Monday, July 12, 2010

Little chance of rain - Kuala Lumpur, Malaysia

Time, your ass and the rich will always do as they please (Old Venetian saying)

The sky looks clear, there’s a small cloud up there, but it’s not the type that anticipates a storm. Maybe today, as it often happens, it will let out its raging cry only in the evening. A taxi is coming. Come on, let’s walk, it seems that today there’s little chance of rain. The ride is cheap, but I don’t do it for the money. The fact is that I’ll have to sit for most of the day. Everything is fine until I reach halfway, when my eyes spot the fluttering skirt of a girl. At first I’m not worried about the gloomy omen, focused as I am on the smooth skin of that knee, the slender calf, the lower thigh muscle that is intermittently emerging from under the hem…
Pluck! The top of my skull has been hit by a drop the size of a Japanese medlar fruit. I can already anticipate the glance at the first window, the reflection of my frowning face, the expression of one who is aware that he’s being looked at. And it doesn’t really matter if the voyeur is himself. I feel like I’m wearing the head of a newborn calf. I use a hand to gently rub my hair, trying to achieve at least a harmonious wet effect. It’s funny how we worry about such irrelevant details even when we face the signs of an imminent typhoon. I look at the sky: it’s a mirror that reflects - in angrier hues - the colors of asphalt, steel and skyscrapers. I steal a last look at the legs of that girl: it might be the last nice thing that I see for a while. Actually I was wrong: it’ll be the last thing – but unfortunately the very last one – that I will clearly see for a good ten minutes.

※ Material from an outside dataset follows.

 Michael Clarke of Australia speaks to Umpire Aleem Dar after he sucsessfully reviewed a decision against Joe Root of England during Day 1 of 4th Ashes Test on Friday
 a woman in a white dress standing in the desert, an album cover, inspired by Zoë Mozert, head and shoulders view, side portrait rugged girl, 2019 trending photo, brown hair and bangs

Swosh! A gust of wind in a hurry, come out from nowhere, stopped right in front of me, waited until I absentmindedly raised my eyes, and when it was sure to inflict the maximum damage hurled a handful of greasy dust at my face. I feel like Mr. Magoo who gropes in a darkroom, an astigmatic mole that has been frozen by a spotlight.

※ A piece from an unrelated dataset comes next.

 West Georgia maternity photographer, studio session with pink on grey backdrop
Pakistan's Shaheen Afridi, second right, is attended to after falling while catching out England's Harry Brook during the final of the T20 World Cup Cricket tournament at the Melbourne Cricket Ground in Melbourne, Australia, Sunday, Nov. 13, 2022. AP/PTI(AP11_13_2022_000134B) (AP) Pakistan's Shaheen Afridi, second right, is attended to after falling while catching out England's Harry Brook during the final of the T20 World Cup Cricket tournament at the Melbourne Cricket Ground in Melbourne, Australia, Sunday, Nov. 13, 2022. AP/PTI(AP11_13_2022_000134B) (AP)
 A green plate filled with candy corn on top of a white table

Slap! How, who was it, unbelievable! Go to hell! This piece of mud just slapped me from behind. And just because I was swaying and feeling my way. I didn’t do it on purpose: that dust is to blame. I manage to open my eyes by a micron, I clench my jaw in an aberrated face to ward off the pain that hangs from my eyelids. I look around me: everything is blurred, as if I had plummeted into a submerged city. Then I start to make out some shapes here and there. The short-tempered caveman that just slapped my face is a tropical leaf of a shiny green. A blinding effect if one could afford it. It’s the size of the Canadian variety of maple but the texture is the one of “The Brothers Karamazov”.

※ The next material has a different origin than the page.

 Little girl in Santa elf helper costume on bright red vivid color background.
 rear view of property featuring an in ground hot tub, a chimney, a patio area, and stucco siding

Drenched by the sky, blinded by the wind and with a cheek that has been numbed by a succulent plant, I speed up my pace, while the rain gets heavier. In a short while I cannot make out the drops anymore, it’s as if a fireman were aiming a hose at me. Where am I running to, and to avoid what? I slow down my pace and I look for some shelter. The taxi drivers seem to say: “You didn’t want us when we were calling you? Now you stay there…and may you drown to death!” I wait for it to stop. At least the monsoon has got a good side: the rain comes down with such a heavy flow that in a matter of a few minutes there is no water left. I set out, a taxi stops by: I would like to ignore it in protest. But then I get on and the driver asks me if I got wet. Well - I sardonically think - maybe it’s not that obvious then.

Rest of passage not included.